The coalition government’s widely anticipated plans to revive enterprise zones in a bid to regenerate local economies and boost employment will prove costly and “ineffective”, two leading think-tanks have warned.
The return of the zones, which were widely used by the last Conservative administration between 1981 and 1996, is expected to be announced in the Budget next month. The move comes as the government finds itself under increasing pressure from business to come up with a strategy for economic growth. The scheme would see tax breaks and localised incentives being offered to local communities in a bid to stimulate investment.
But the Work Foundation’s analysis of historical data reveals that each job in the 38 previous zones cost an estimated £23,000 to create (the equivalent of £50,000 now) and four out of five posts were simply displaced from outside areas. Moreover, enterprise zones typically boosted local regions for only three years, before they lapsed back into depression.
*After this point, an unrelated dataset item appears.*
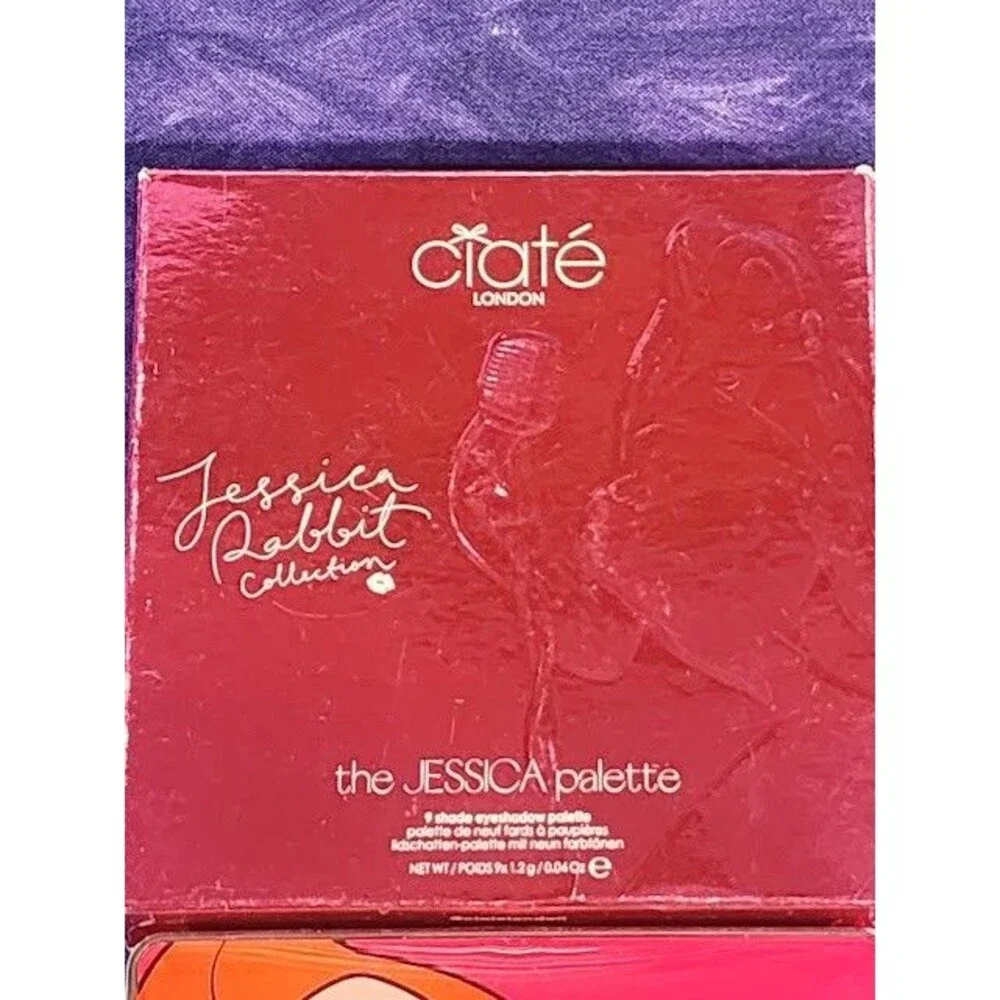 CIATE The Jessica Rabbit Collection 9 Shade Eyeshadow Palette Limited Edition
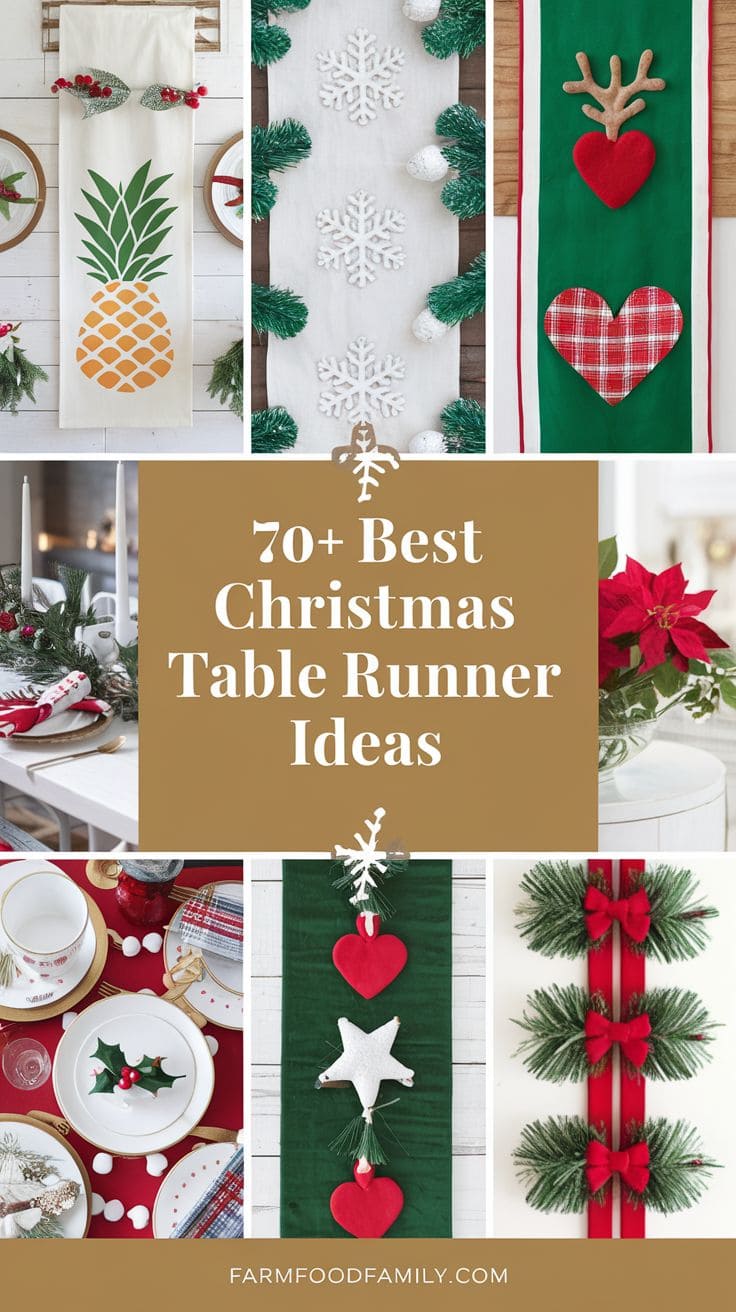 Best Christmas Table Runner 20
Andrew Sissons, researcher at the think tank and lead author of the report, said: “Looking at enterprise zones created in the 1980s, there are serious doubts about the wisdom of bringing the policy back. Most of the areas that had such zones are still struggling today – places like Middlesborough, Speke, Hartlepool and Swansea. Any attempt to redesign the enterprise zones for the 21st century is likely to be equally ineffective.”
The Centre for Cities was somewhat more sympathetic to the concept, but said that it needed to be updated to create “local growth zones” in order to provide local communities with a wider range of policies from which to choose. The scheme should also be open to growing cities such as Cambridge and Brighton as well as to deprived areas, it added.
The think tank put the cost of creating each job at a lower £17,000 or £26,000 in today’s money, but the figure still compares unfavourably with the £6,500 per job created for Labour’s Future Jobs Fund and the £3,500 per job for its New Deal for Young People.